Насмешливый гул заглушает радио.

— Так ты и вправду решила сбежать в Англию, носить шляпку и пить чай? — спрашивает Мишель.

— Не думаю, что нужно обязательно носить шляпку, — отзывается Рисс, обкалывая булавками ткань вокруг моей талии. — Луна, ты носишь шляпку?

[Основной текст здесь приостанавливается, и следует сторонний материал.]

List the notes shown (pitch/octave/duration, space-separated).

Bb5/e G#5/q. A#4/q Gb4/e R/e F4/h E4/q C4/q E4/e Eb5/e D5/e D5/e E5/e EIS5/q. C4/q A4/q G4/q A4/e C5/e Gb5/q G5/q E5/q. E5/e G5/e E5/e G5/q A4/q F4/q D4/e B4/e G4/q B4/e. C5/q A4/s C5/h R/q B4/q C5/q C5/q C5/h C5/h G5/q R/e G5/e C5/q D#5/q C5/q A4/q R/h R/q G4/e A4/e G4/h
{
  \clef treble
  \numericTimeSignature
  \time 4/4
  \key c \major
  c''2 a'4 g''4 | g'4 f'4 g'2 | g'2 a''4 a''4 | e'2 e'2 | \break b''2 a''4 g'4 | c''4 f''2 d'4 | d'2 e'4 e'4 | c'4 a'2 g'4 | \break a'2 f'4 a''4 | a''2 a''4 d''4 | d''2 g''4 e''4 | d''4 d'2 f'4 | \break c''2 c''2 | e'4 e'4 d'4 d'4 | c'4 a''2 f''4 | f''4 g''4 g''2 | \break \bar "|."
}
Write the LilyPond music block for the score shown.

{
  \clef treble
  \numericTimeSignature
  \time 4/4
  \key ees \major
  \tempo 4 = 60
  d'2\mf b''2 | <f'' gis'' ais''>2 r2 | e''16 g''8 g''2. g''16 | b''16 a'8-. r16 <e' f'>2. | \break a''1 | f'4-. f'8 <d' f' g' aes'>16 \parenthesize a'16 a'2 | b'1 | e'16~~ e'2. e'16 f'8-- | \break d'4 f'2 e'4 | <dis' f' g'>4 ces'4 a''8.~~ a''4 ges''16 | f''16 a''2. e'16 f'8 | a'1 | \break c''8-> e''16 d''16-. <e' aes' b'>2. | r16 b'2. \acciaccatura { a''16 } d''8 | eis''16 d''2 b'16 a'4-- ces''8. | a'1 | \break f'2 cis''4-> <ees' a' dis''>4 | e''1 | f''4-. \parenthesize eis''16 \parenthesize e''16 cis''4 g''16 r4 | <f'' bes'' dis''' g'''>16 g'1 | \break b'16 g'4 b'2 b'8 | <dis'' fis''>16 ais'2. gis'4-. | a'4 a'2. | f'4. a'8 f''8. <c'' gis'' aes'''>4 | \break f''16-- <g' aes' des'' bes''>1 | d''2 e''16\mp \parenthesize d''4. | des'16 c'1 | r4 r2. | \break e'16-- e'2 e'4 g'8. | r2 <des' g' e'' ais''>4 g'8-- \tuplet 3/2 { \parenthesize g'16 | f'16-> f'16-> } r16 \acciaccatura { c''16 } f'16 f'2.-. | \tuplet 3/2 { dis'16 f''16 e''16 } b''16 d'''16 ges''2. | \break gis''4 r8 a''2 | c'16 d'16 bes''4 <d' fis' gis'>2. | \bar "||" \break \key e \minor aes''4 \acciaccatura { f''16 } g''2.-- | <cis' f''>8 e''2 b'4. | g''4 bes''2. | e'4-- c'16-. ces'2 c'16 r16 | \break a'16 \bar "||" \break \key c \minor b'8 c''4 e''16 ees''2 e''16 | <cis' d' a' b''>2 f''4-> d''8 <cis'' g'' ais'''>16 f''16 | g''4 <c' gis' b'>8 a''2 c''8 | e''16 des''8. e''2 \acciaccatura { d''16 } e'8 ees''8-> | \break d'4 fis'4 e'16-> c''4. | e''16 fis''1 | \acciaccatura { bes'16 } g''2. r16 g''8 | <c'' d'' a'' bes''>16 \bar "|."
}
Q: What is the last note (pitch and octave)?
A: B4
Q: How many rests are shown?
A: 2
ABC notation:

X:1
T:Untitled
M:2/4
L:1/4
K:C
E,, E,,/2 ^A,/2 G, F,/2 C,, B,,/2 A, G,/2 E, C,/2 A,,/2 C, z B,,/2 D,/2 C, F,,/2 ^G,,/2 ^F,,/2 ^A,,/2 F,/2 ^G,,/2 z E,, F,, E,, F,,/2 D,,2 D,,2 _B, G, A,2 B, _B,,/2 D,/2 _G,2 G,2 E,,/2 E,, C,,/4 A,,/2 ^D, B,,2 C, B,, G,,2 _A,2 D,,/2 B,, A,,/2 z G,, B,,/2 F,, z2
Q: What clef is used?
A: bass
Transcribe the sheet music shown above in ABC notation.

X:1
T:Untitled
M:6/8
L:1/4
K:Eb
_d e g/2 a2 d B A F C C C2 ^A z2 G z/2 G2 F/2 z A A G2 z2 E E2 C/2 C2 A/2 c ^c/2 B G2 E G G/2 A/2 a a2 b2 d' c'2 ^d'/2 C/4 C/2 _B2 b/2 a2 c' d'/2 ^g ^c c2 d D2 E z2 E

— Конечно, все время, — смеюсь я в ответ. Трудно быть рядом и помнить о том, что однажды эта девушка станет моей матерью, хотя сейчас это и не так. Она так же пахнет, конечно же, — это аромат кокоса и теплой кожи. И этот ее сосредоточенный вид за работой мне очень хорошо знаком. Я так скучаю по ней. И даже то, что она стоит всего в паре дюймов от меня, этого не изменит — я скучаю. По той женщине, которая всегда находила время поговорить с Горошинкой или со мной, выслушать нас, и не важно, чем она занималась. У нее всегда находилось время для нас, за исключением тех длинных дней и недель, когда она буквально замирала, переставала не только говорить, но и замечать окружающих. Тех дней, когда мы торчали у запертой двери в ее спальню, гадая, из-за чего мамочка такая грустная и не встает с постели.

— Ну, неважно, я не знаю. — Рисс в отчаянии пожимает плечами. — Не знаю, что мне делать. Я не очень хочу бросать дом, Стефани и вас всех. Но Генри уедет четырнадцатого, его уже ждет новая работа. Он и так остается здесь так долго, как только может. И я люблю его. Правда люблю. А он любит меня. Я точно знаю, что любит.

— Вы можете дружить по переписке, — предлагает Стефани, закуривая сигарету и выпуская дым в приоткрытую дверь. — Уверена, пишет он тоже неплохо.